Free transit to nowhere isn't worth having. the busses being free won't change the fact that they need to get people from people to where they need to go. I'm not steering this conversation towards BNR or the new routes or LRT. We're not going there in this conversation. but I will say that we're less likely to get new routes, extended service hours, or other service improvements if these changes are entirely financed by tax subsidy. the increased cost to ETS/the city would be a huge detractor to service improvements. it would be heavy lobbying (read:wealthier neighbourhoods with resources to lobby with) that would get any new services, and the rest of the city would be stuck with basic busses. I'm basing this off the situation in much of the US. they mostly don't have free transit there, but most cities, like Atlanta, San Francisco, L.A, heavily subsidize busses (ie %20 farebox recovery versus ~%40 here in Edmonton) with the logic that cheap transit increases ridership. unfortunately that makes buses so expensive to run, and so dysfunctional to ride, that transit modal share often winds up very low. the bus system is too expensive to run and expand, and underused as a result. The large burden on taxpayers (however justified, but we all know how paying for transit bugs people) and, to a much smaller extent, the lack of a profit motive (high-traffic routes can potentially break even or turn profits, fares create an incentive to make routes efficient and well used) means systems just plod along not doing much.

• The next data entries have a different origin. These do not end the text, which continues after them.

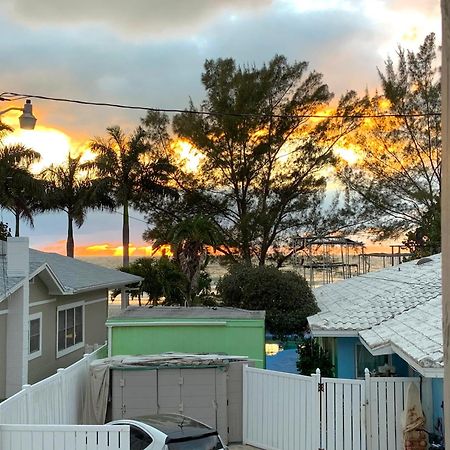 100 Steps To Beautiful Indian Rocks Beach, Oceanside, 2 Bedroom Updated Condo Clearwater Beach Exterior photo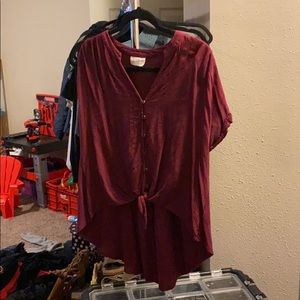 Universal threads size large crop shirt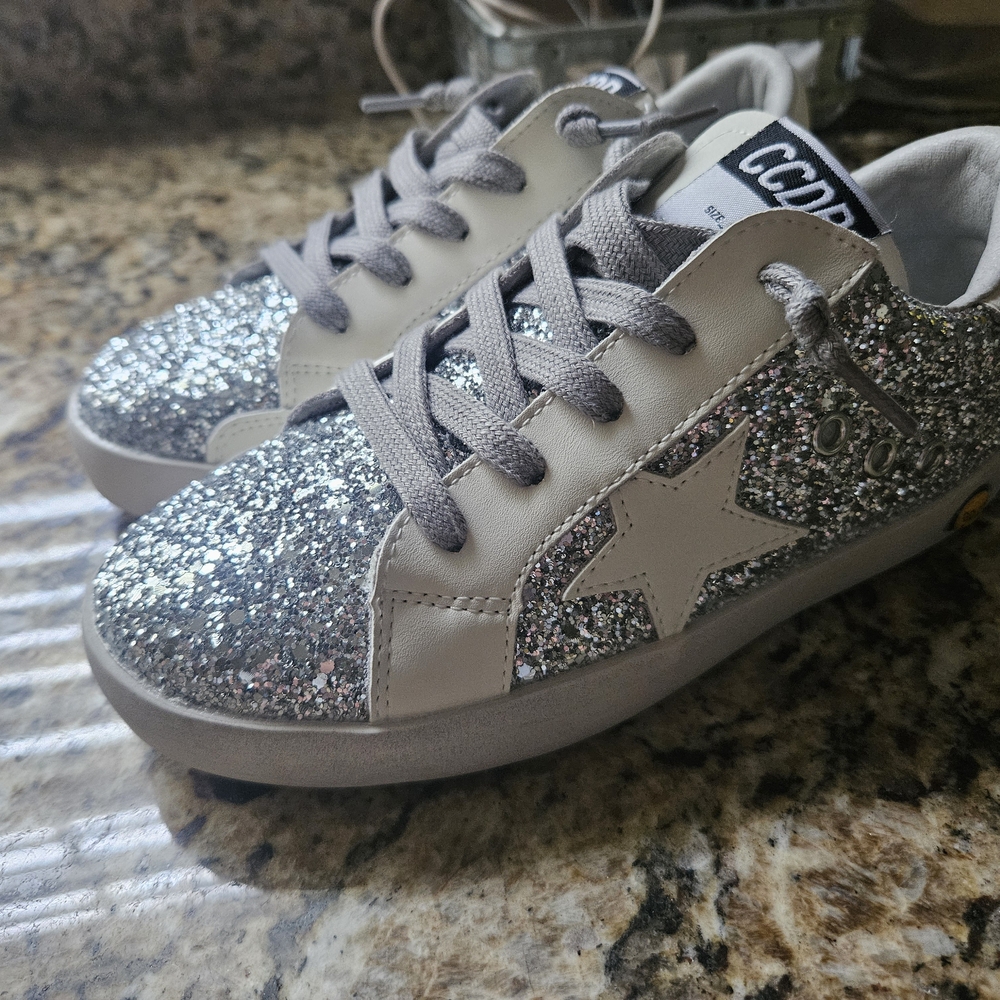 Kids Glitter Star Sneakers - Silver and Gray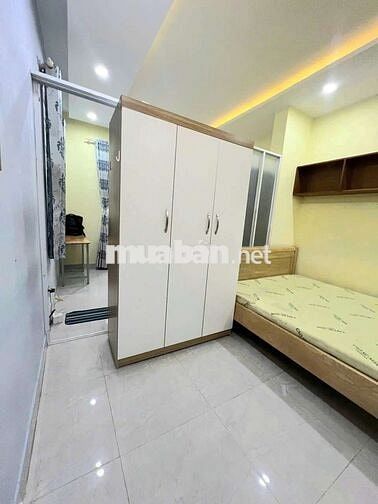 Căn Hộ 2PN Cửa Sổ Lớn - 2 Giường, Máy Giặt Riêng - Phan Xích Long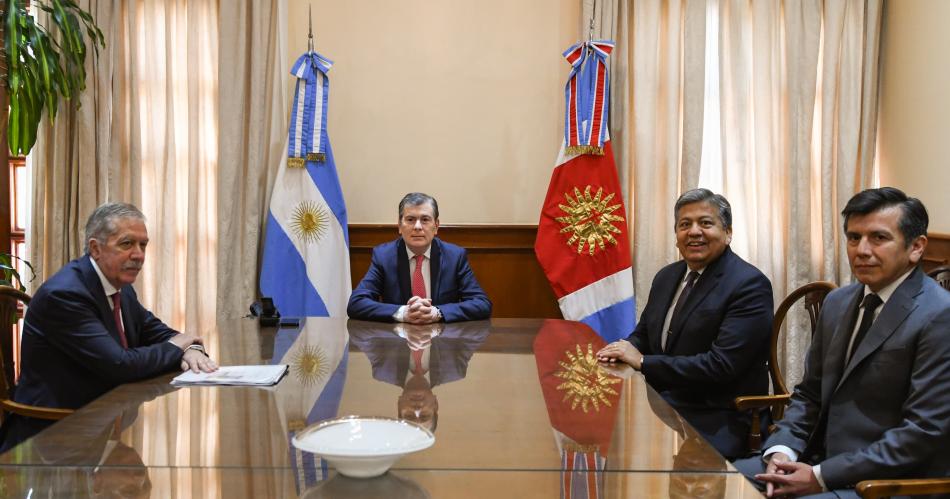 Zamora recibioacute al rector de la Unse y al decano de la Facultad de Humanidades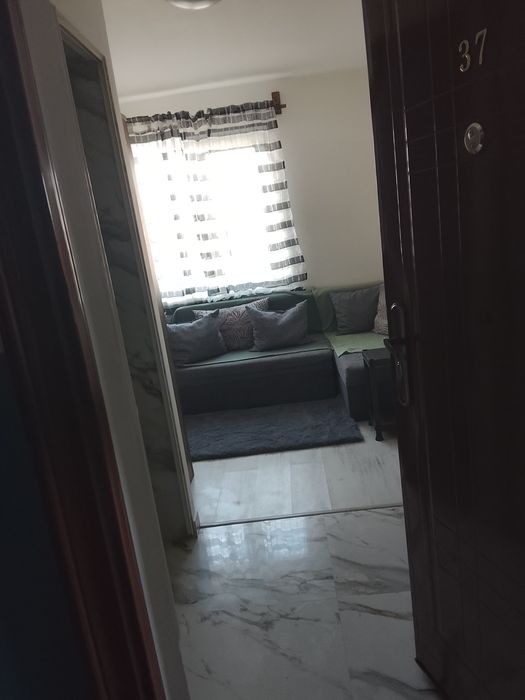 Închiriez camera de camin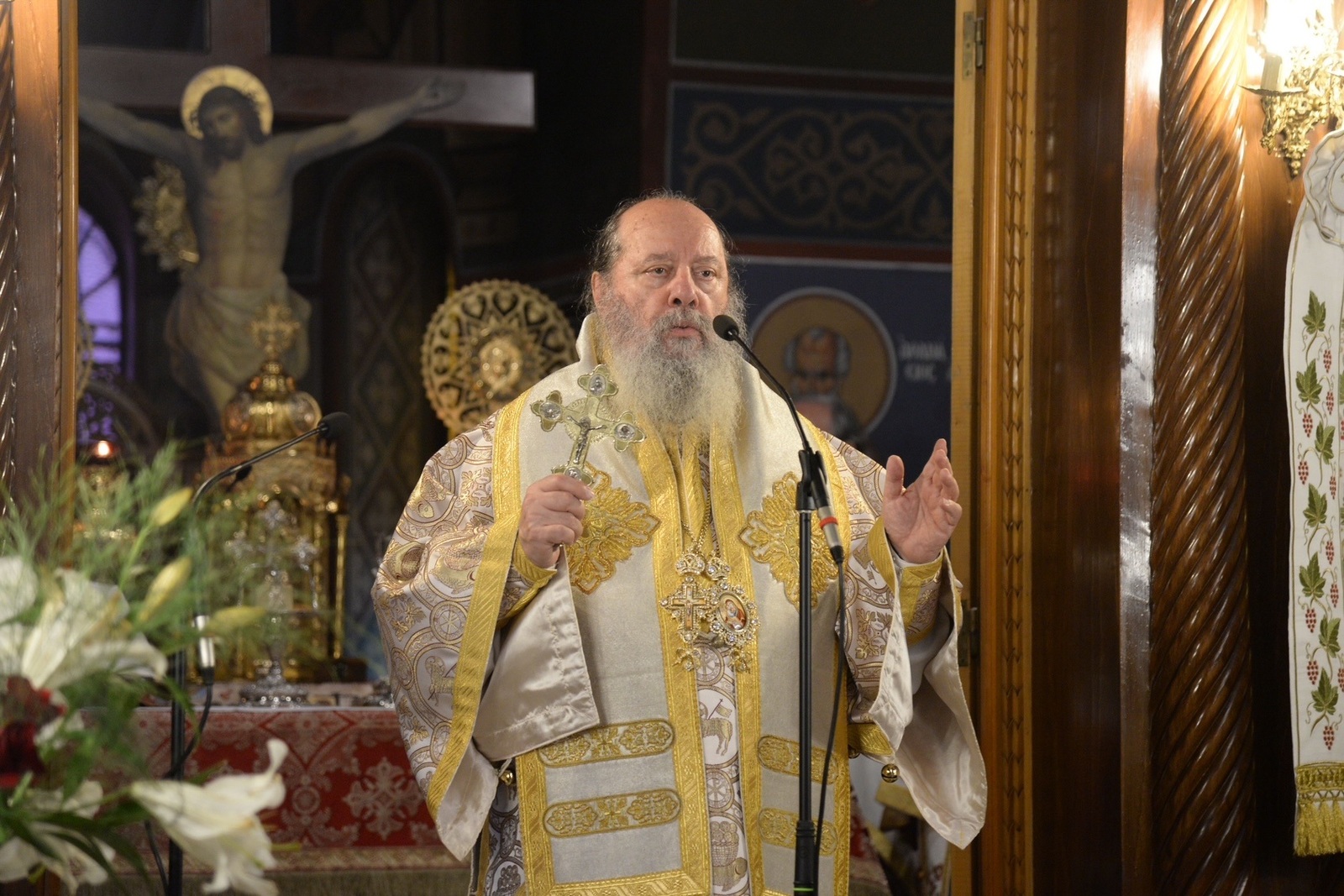 Εορτάστηκε η επέτειος χειροτονίας του Επισκόπου Κερνίτσης Χρυσάνθου στην Πάτρα - μια φωτογραφία 1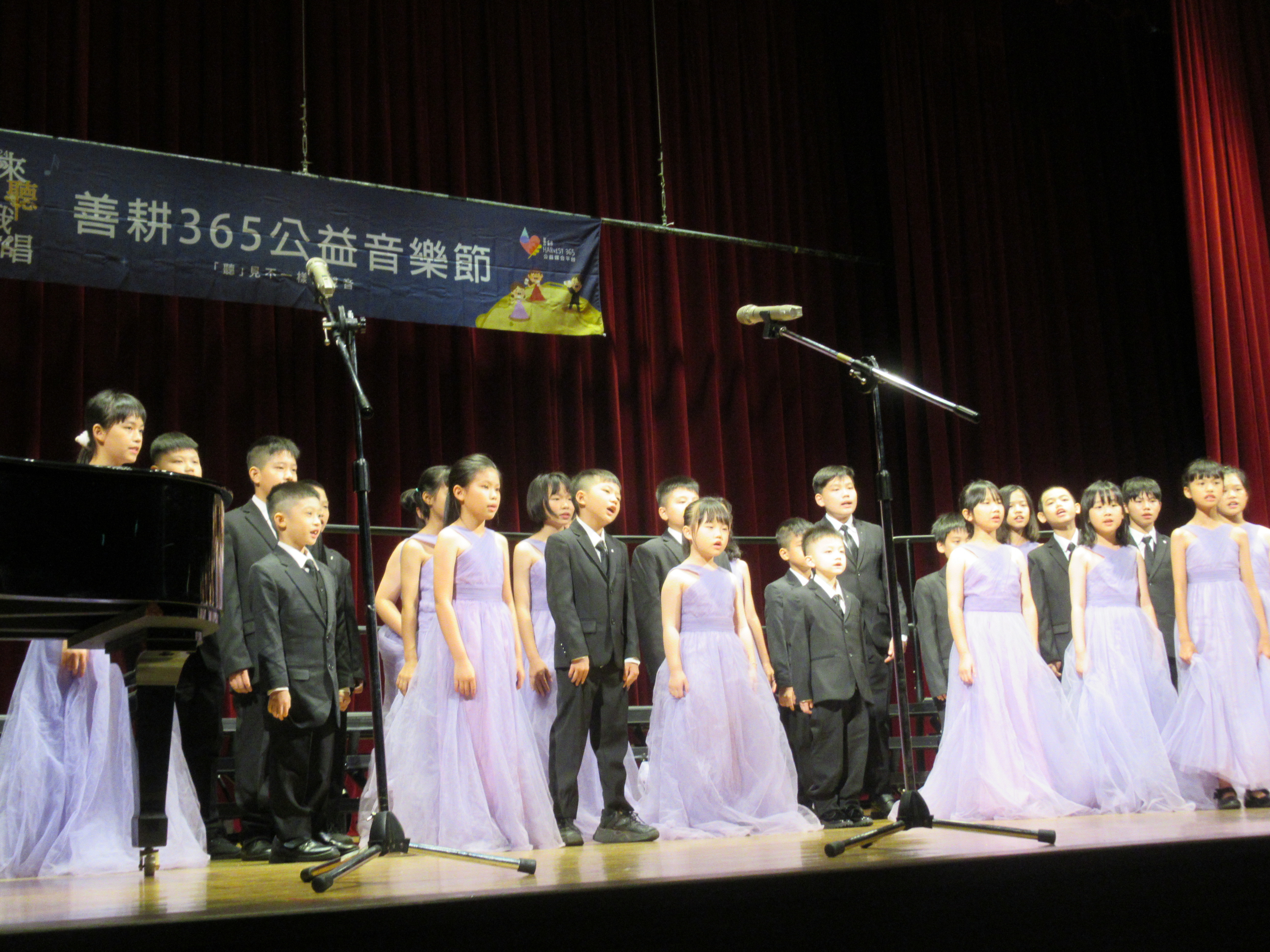 南投集集永昌國小暨富山分校的大山腳合唱團學生在舞台上又唱又跳享受表演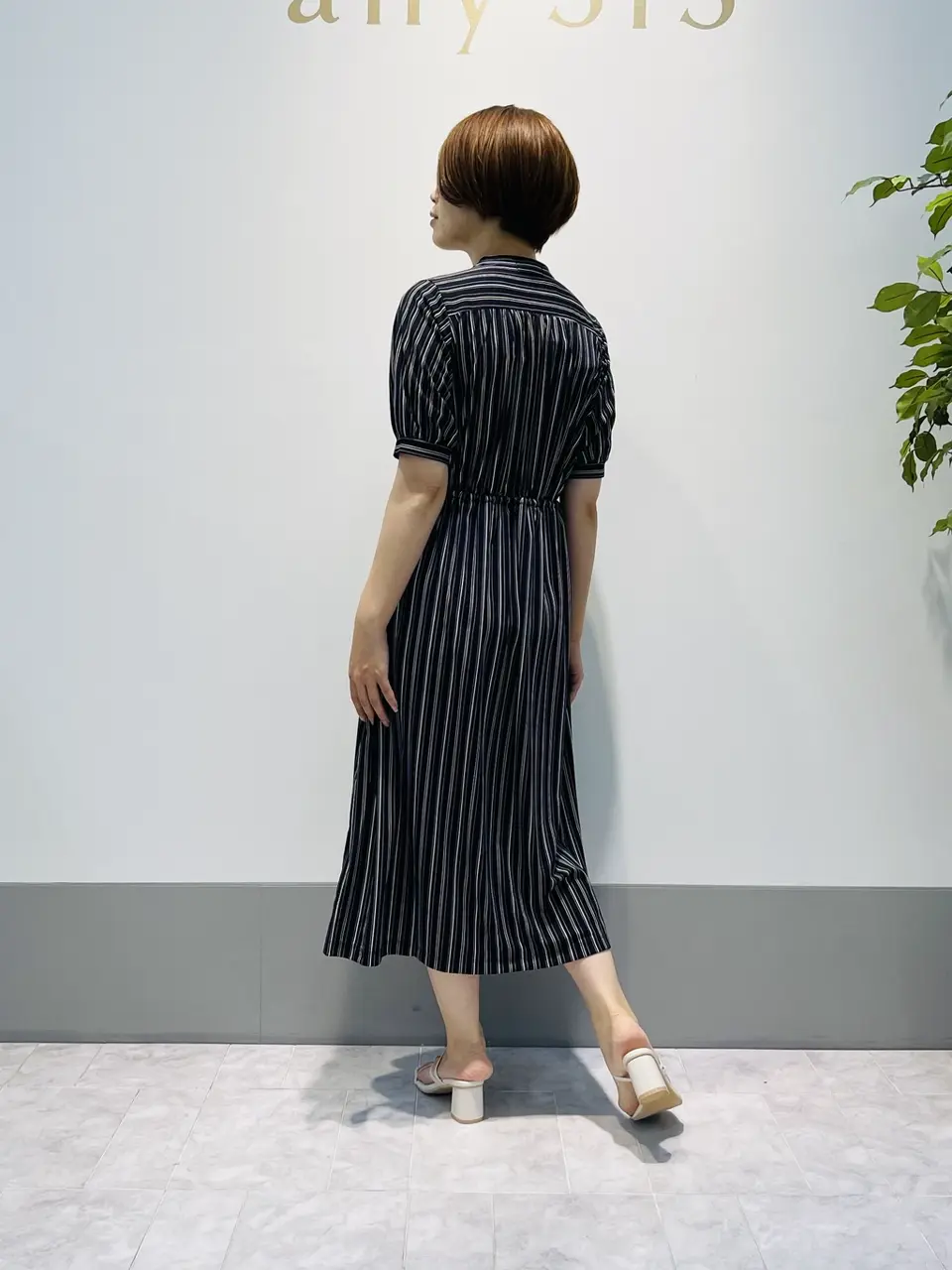 ANY SIS 岡本 コーディネート画像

I fear that if Edmonton were to make transit free at this point in time, where ridership is still relatively low, LRT isn't sufficiently built out, and the BNR hasn't proven itself yet, ETS would slide into the pattern of cutting routes and not trying to invest in new services as a way of controlling taxpayer costs. In the future hopefully, but transit isn't integral enough to the city yet to avoid turning into a white elephant IMO.
I think we should be focusing on keeping fares at $3.50 as long as possible and improving service. we need the whole city to see that transit is important and viable for their commute/travel needs, and our system isn't close to that point yet. fares will get us to that point.